There were precious few surprises in the NBA Draft Lottery. One of the four teams that dedicated itself to losing, en masse, all year, won the big prize, while the other three will pick second, fourth, and fifth. Only Portland moved up, and they only jumped two spots from fifth to third. Everything went more or less how it was supposed to, and the only possible quibble I could see from non-Pistons fans with how the process went is that the Blazers are once again going to be rewarded with a cool teenager for punting on their season early, but also, the only real bit of structural tanking they've done was hire Chauncey Billups.
I worried that Wembanyama would end up going to a team that's already too good (Bulls), an organization that's too disastrous (Wizards), a franchise that is both at the same time (Mavericks), or to Houston (Rockets), but thankfully he did not. San Antonio is none of those organizations, and for short-term and long-term basketball reasons, not to mention historical heft, it's the perfect place for Wembanyama to go. He spoke about his pending Spurshood, and he sounded like someone whose preferences aligned with the rest of his country.
As for the basketball: The 2022–23 Spurs had the worst defense and second-worst offense in the NBA, and still their total of 22 wins was a whopping three more than their projected win total (only four teams had positive differences of three or more, and all were Finals contenders). Their woeful net rating and record are the pure product of playing the kids. Nobody over the age of 23 besides traded players averaged more then 22 minutes per game last season, and Keldon Johnson, who I think of as lone veteran minutes-getting holdover from the DeRozan-Aldridge era, is still younger than Davion Mitchell and Herb Jones, who were picked two drafts after him. Johnson is the jewel of the team. He's a 22-point scorer who gets his without being a turbo-mega athlete or a knockdown three-point shooter. Don't take that as derogatory: He's a fine athlete and an average shooter, but he moves and attacks at the right times, and he knows his spots.

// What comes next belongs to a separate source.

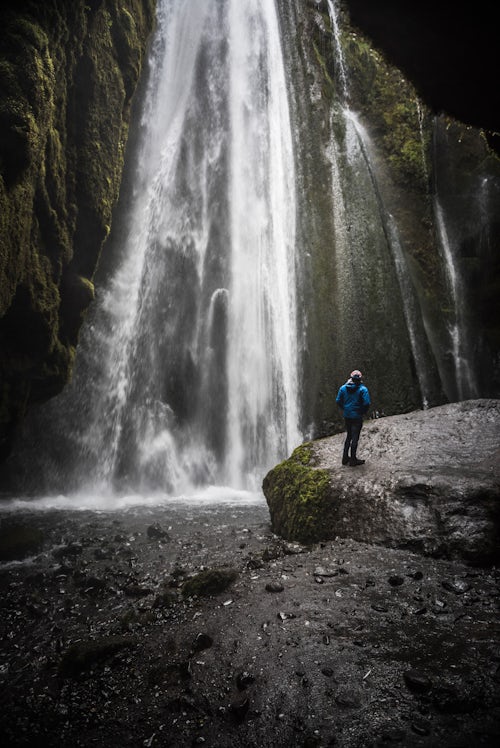 Iceland Travel Photography Tourist at the hidden Gljufrabui Waterfall near Seljalandsfoss South Iceland Sudurland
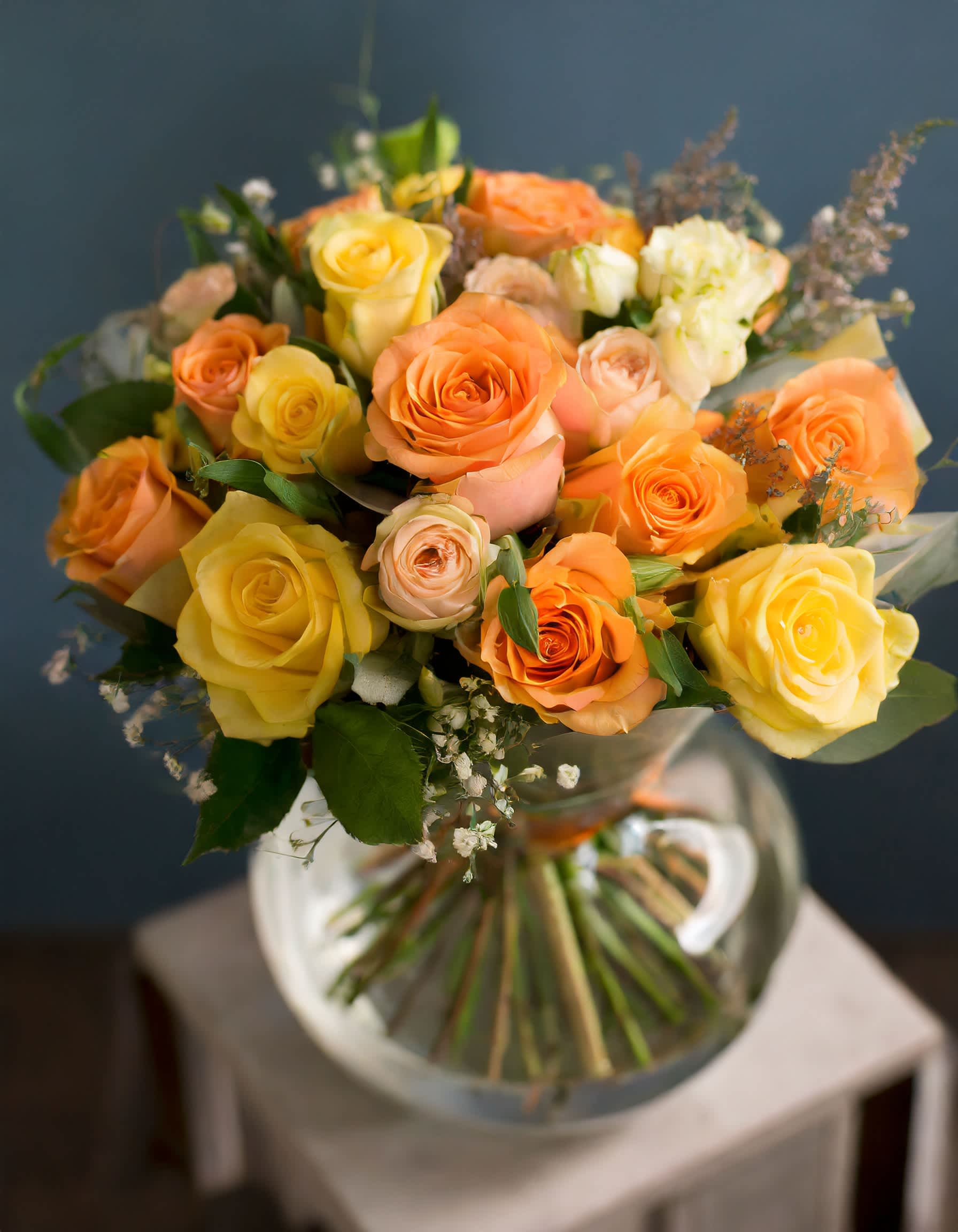 Sunny Charm - The arrangement includes radiant roses and a delightful assortment of mixed flowers, evoking a sense of brightness and sunshine.  Disclaimer: ALL IMAGES PROVIDED AT DELUXE PRICE Photos and visual presentation of the products represent an overall style, look and feel, which we may not be able to identically replicate in some instances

He's one of three building blocks on the roster, alongside Devin Vassell, a huge shooter who has real two-way potential and started to show some unexpected sauce as a passer last season, and Jeremy Sochan, a weird, athletic player who is a hell of a defender and who turned a horrific offensive season around by starting to shoot his free throws one-handed. Tre Jones and Malaki Branham are also around, and they can both kinda do some cool stuff, but my point here is despite playing with a team composed entirely of nebulous, young wing players, the Spurs played hard as hell all year. They had the fastest pace in the league, and they never lapsed into Houstonian nihilism or Pistonian injury crud. All their core was missing was a competent big man and someone with superstar upside, and voila (French word), Wembanyama falls into their laps.

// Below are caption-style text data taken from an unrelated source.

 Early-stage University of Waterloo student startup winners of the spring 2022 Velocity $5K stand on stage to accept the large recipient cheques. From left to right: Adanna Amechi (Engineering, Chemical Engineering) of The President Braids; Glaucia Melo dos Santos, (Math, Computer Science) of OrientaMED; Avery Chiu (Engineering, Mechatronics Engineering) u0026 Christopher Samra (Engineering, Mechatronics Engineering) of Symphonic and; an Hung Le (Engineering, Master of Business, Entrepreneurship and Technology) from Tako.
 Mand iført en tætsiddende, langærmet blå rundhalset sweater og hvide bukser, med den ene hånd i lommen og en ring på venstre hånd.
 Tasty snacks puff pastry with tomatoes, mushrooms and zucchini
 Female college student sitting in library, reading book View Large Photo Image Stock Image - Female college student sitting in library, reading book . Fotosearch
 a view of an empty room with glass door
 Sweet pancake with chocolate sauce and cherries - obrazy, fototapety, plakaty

Wembanyama will immediately change the Spurs' whole defensive outlook. While his level of offensive skill at his size is the A1 trait that pops off the screen, Wembanyama can most affect a game with his rim protection. I watched his final regular-season game in the French league, in which he only had two blocks but changed the tenor of every single defensive possession. Guys would get a step on their defender, turn the corner into the lane, see Wembanyama standing eight feet away from them, and fade away instead of challenge him or even pull up. He got switched out into space and handled himself perfectly, and the specter of him recovering from halfway across the court was clearly a terrifying thing to contend with.
The shooting and play-making and ball-handling will have to develop; he's so big that he seems like he might average 15 points per game purely off offensive rebounds and dunker spot luck. Weirdly, neither Wembanyama nor Sochan really need the ball in their hands. That's a rare luxury for a team assembling a young core, as it tends to be way more straightforward to find capable stars that need to initiate and finish tons of possessions than it is to find elite connectors who make everyone else better. The odds are that Wembanyama develops into the sort of player that can have the impact of that level of star on the ball, but style-wise, he is on a team, under a coaching staff, alongside a young core, that will bring him into an egalitarian system that he can grow within.

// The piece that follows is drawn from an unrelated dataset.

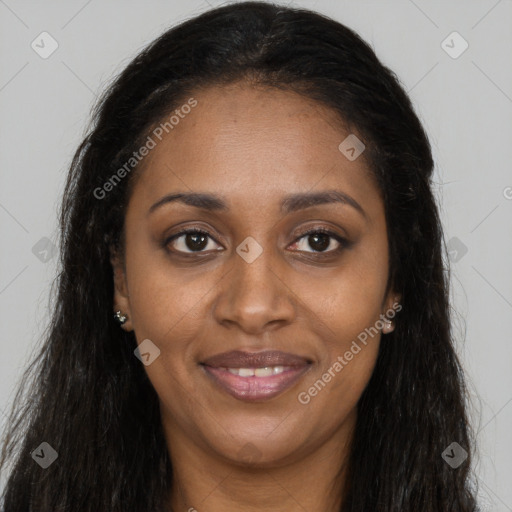 Joyful black young-adult female with long  brown hair and brown eyes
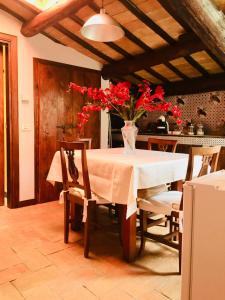 een eettafel met een vaas met rode bloemen erop bij Sotto i tetti del borgo in Spoleto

This is also the same system that fostered legendary big men David Robinson and Tim Duncan and the same team where all-time French players Boris Diaw and Tony Parker won championships. Wembanyama will now join both lineages, under the most decorated coach in NBA history. It has felt odd watching Popovich, an old guy who coached teams full of incredible old guys forever, sticking around to coach one of the worst teams in the NBA. Absent the immediate chance for glory in his mid-70s, few in his position would continue to put themselves through the grind of coaching. You have to really love something—not to mention be very, very good at it—to keep coaching a young team as hard as he did knowing they were just waiting until May to roll the dice on a chance to get a superstar.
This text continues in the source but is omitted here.